=== Data block ===

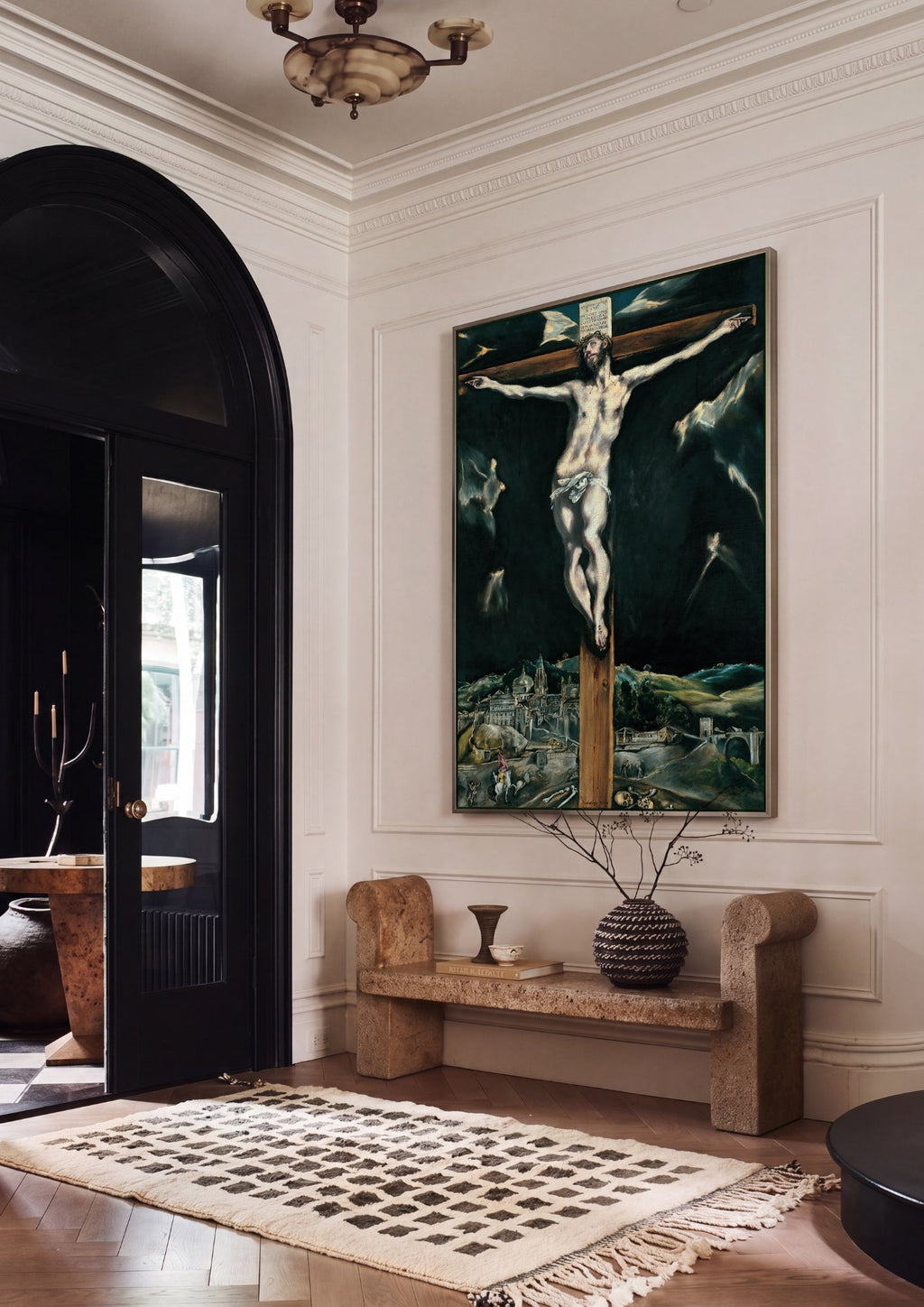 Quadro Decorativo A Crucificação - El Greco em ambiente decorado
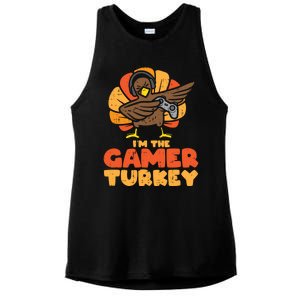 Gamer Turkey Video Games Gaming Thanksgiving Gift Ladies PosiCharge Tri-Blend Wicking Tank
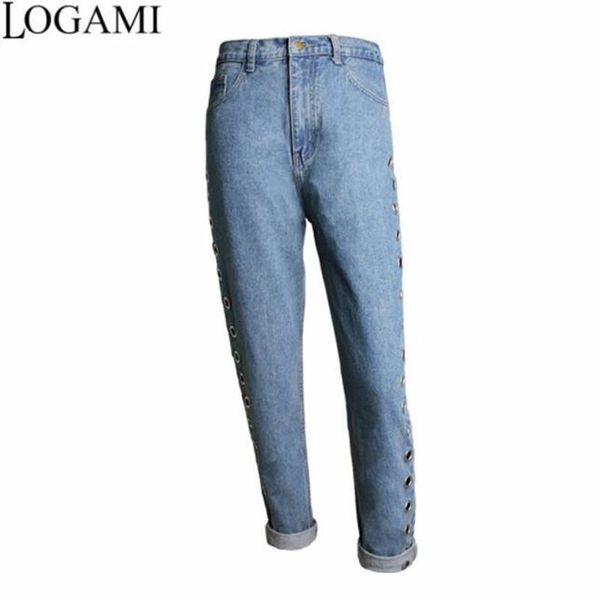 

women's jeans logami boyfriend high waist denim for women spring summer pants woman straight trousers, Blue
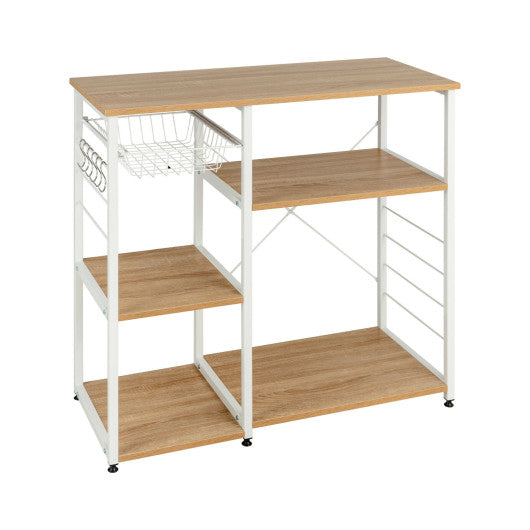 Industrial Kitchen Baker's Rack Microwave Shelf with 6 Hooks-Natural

===

What needs to be done: Everything from the line that contains "women's jeans logami" through the final line of the material should be returned exactly, except the pictures.

Exercise answer:
women's jeans logami boyfriend high waist denim for women spring summer pants woman straight trousers, Blue
 Industrial Kitchen Baker's Rack Microwave Shelf with 6 Hooks-Natural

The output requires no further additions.